■ What is required ■
With the pictures left out, restate exactly the part below that opens with the line containing "Empty bedroom with" and closes with the line containing "Fiatal esküvői pár".
═════ Given entries
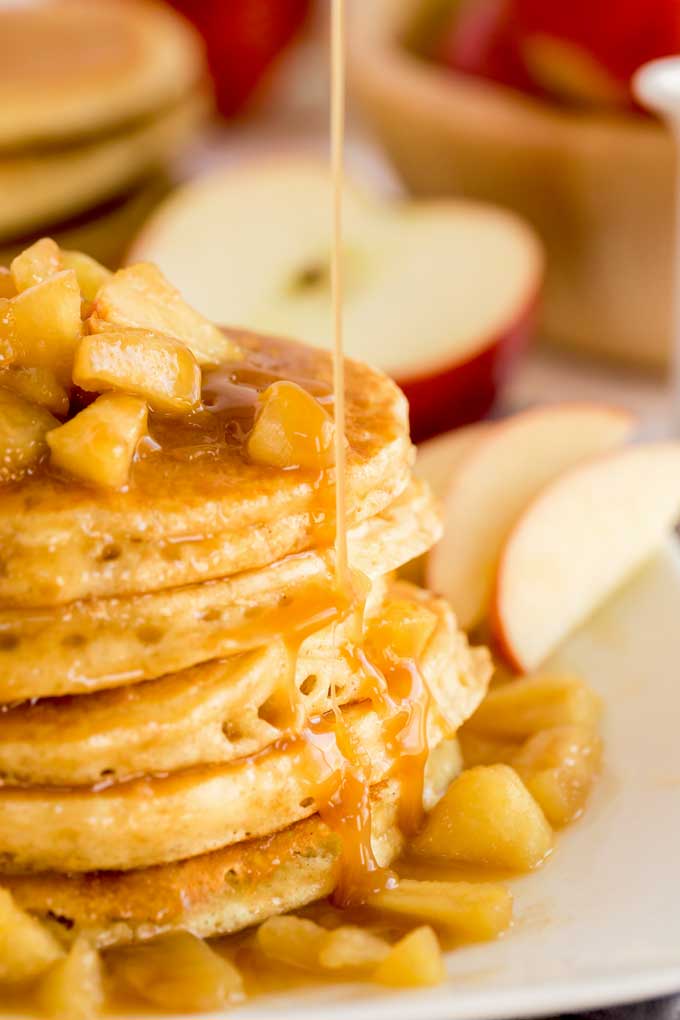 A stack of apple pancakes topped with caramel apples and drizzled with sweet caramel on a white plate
══════════
═════ Given entries
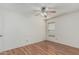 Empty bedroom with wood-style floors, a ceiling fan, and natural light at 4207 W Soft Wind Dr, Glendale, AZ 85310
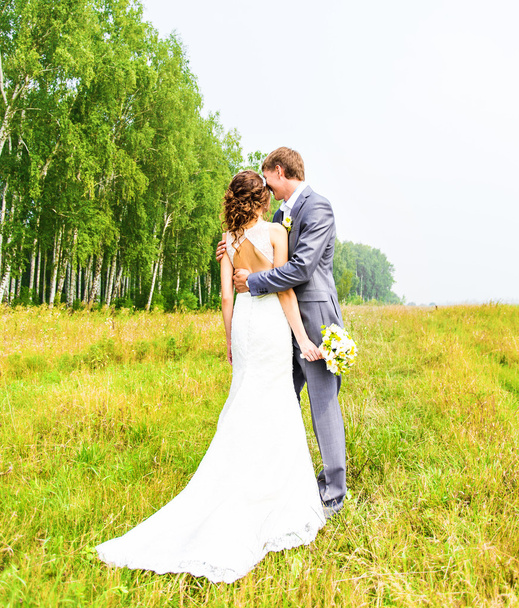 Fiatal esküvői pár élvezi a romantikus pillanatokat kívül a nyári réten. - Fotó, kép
══════════
■ Completed exercise ■
 Empty bedroom with wood-style floors, a ceiling fan, and natural light at 4207 W Soft Wind Dr, Glendale, AZ 85310
 Fiatal esküvői pár élvezi a romantikus pillanatokat kívül a nyári réten. - Fotó, kép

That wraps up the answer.